I dipendenti pubblici che, dopo aver conseguito il diritto alla pensione di anzianità, optino, senza soluzione di continuità, per la prosecuzione dell’attività lavorativa in regime di part-time, non potranno conseguire il diritto alla pensione piena durante tale attività.Dovranno accontentarsi di percepirne una parte, oltre allo stipendio, con il limite di non superare l'ammontare della somma spettante al lavoratore che a parità di condizioni presta la sua attività a tempo pieno. In sostanza, ciò è quanto afferma la Corte di Cassazione, sezione lavoro, con la sentenza n. 4900 del 27 marzo 2012 che accoglie il ricorso presentato dall’INPS.
La vicenda riguarda una lavoratrice dipendente del settore pubblico che aveva usufruito della disciplina ex L. n. 662/1996, art. 1, c. 185 per ottenere la conversione del rapporto di lavoro da tempo pieno a tempo parziale, con diritto a ricevere la pensione di anzianità in misura integrale, così come deciso dalla Corte d’Appello di Milano. Contro tale pronunzia ricorre l’INPS per due ordini di motivi. Innanzitutto sostiene che il sistema di cumulo integrale non è estendibile nei confronti di coloro che, in forza di una specifica disciplina di legge, conseguono il trattamento pensionistico di anzianità senza cessare l’attività lavorativa, ma semplicemente trasformando il proprio rapporto di lavoro da tempo pieno a tempo parziale. L’INPS, tra l’altro, ritiene che la peculiare disciplina concernente i dipendenti pubblici, che consente la prosecuzione del rapporto in deroga al principio generale che prevede la cessazione dell’attività lavorativa per accedere alle pensioni di anzianità, è fonte di un vantaggio insito nel fatto di conservare lo status di dipendente nell’ambito del rapporto di pubblico impiego. Situazione non omogenea a quella del pensionato, che deve invece risolvere il rapporto di lavoro per avere diritto alla pensione ed eventualmente reperire nuova attività lavorativa per avere diritto al beneficio del cumulo.
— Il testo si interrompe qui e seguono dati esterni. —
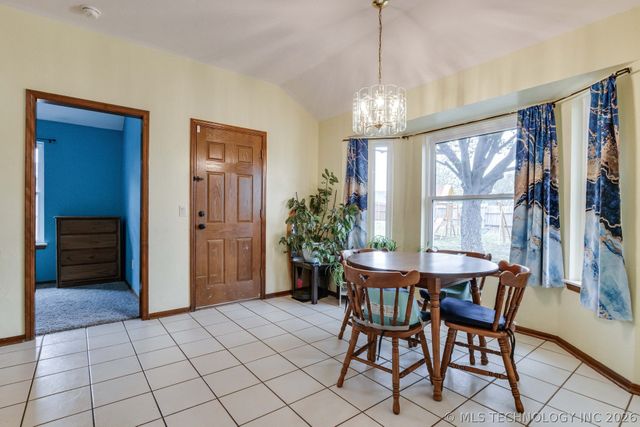 2137 NE 13th, Moore, OK 73160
Dapprima la Corte ripercorre le varie tappe legislative che hanno disciplinato nel corso degli anni il regime del cumulo tra pensione e reddito (di lavoro dipendente) culminate, all'interno di un percorso che si può definire di "liberalizzazione" con il varo della legge n. 133 del 2008 (art. 19), a favore della compatibilità tra reddito e pensione. Al riguardo, si precisa che la nuova disciplina non si estende anche al pubblico impiego, per il quale continua a operare il regime di incumulabilità già fissato dal D.P.R. n. 758 del 1965, art. 4. Ciò premesso, la Corte afferma che la norma contenuta nella L. n. 662/1996, art. 1, c. 185 deve qualificarsi come eccezionale, avendo portata derogatoria rispetto ai principi generali in tema di incumulabilità tra pensione di anzianità e redditi di lavoro e prevedendo la possibilità di cumulo sia pure limitato. Proprio per tale carattere di eccezionalità, che non consente alla normativa successiva di carattere generale di incidere in senso ampliativo sulla misura del cumulo parziale, deve essere collegato anche alla circostanza che il conseguimento del trattamento pensionistico, sia pure ridotto, non è subordinatoalla cessazione dell’attività lavorativa. Alla luce di quanto finora illustrato è possibile affermare che non possa trovare spazio alcuna censura sul piano costituzionale per irragionevole permanere della disciplina limitativa del cumulo per il solo settore pubblico, in quanto la normativa generale successiva non è applicabile alle ipotesi del particolare pensionamento anticipato, rappresentata dal caso di coloro, che una volta acquisito il diritto alla pensione di anzianità sono passati al regime part-time senza interruzione del rapporto lavorativo. Costoro, infatti, continuano a lavorare percependo una parte di pensione e una di stipendio, con esplicita previsione che la somma dell’ammontare della pensione e della retribuzione dei dipendenti part-time non possa in ogni caso superare l’ammontare della retribuzione spettante al lavoratore che, a parità di altre condizioni, presta la sua opera a tempo pieno.